Would you please list my "claims for authenticity". I do not remember making any such claims.
 
I understand. You have no evidence to support your OPINION. Now you want to discuss a Christian "theocracy"? I believe that is the first time that was mentioned in this thread.

You are behaving like a child that has been told they are wrong, and it has been demonstrated that you are wrong. Instead of you considering why you are wrong, you start throwing out accusations that have little or nothing to do with the previous conversation.

Now please provide the evidence that the FF were of faiths other than Christanity, or put your pacifier back into your mouth.

Religion of the Founding Fathers of America

You are under the misapprehension that your assertion to the Christian faith of the FF’s is the final arbiter. It's not that simple and it's your problem you don't realize that. The final arbiter is evidence, and I see nothing in your comments except ballyhoo and blowhard— for which you have apparently decided to be the posterchild.

If you review the link above, you will find identification of the religious beliefs of those generally considerd to be the FF’s of the U.S.

Talk about blowhards....
The drama queens wanted to spout their opinion that the FFs were not Christian. I asked for evidence. I got opinions. When I provided evidence that clearly demonstrates the FFs they claimed were not Christian, prayed, and supported the Christian faith, you want to go off on another tangent?

I am still, STILL waiting for you to back up anything you said about this not being a Christian nation. Guess those "emotions" are hard to present as facts.

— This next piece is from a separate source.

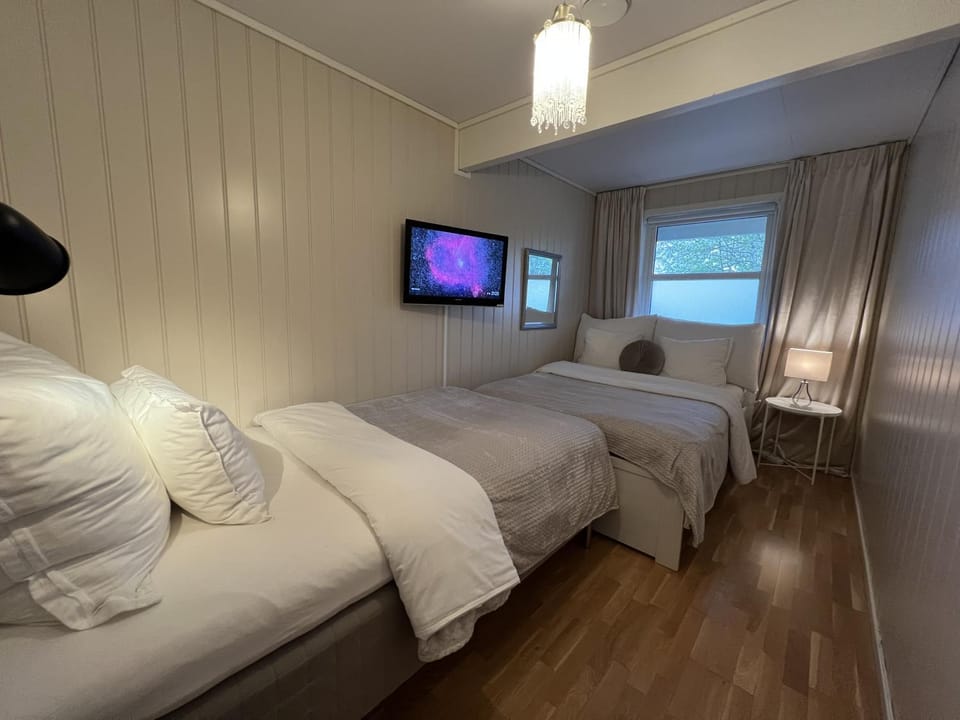 Bed, TV and multimedia, Bedroom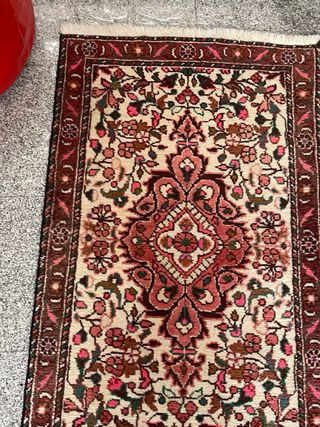 Alfombra antigua de lana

You have a rather strange need to define the U.S. as a “Christian” nation. The link I provided you depicts the FF’s as an amalgam of mainstream Christians with many others embracing some rather fringe sects of Christianity. Like many fundies, you have a need to force your religion on those (the FF’s ), who chose a specific course of action in drafting the constitution to prevent Christianity – or any religion – from interfering in the lives of those who were not of the majority religion.

You do come across as a stereotypical bible thumper. Why don’t you define for us the specific requirements for a Christian nation? You insist that the U.S. is such a thing but you don’t define your terms with anything other than “because I say so”.

Facts are not difficult to present. There's just a loud background din of thumping.
 
Thomas Paine - 01/16/1797
Thomas Paine concerned about the content of our current science courses? Definitely!

In a speech he delivered in Paris on January 16, 1797, Thomas Paine harshly criticized what the French were then teaching in their science classes-especially the philosophy they were using. Interestingly, that same science philosophy of which Thomas Paine was so critical is identical to that used in our public schools today. Paine's indictment of that philosophy is particularly significant in light of the fact that all historians today concede that Thomas Paine was one of the very least religious of our Founders. Yet, even Paine could not abide teaching science, which excluded God's work and hand in the creation of the world and of all scientific phenomena. Below is an excerpt from that speech.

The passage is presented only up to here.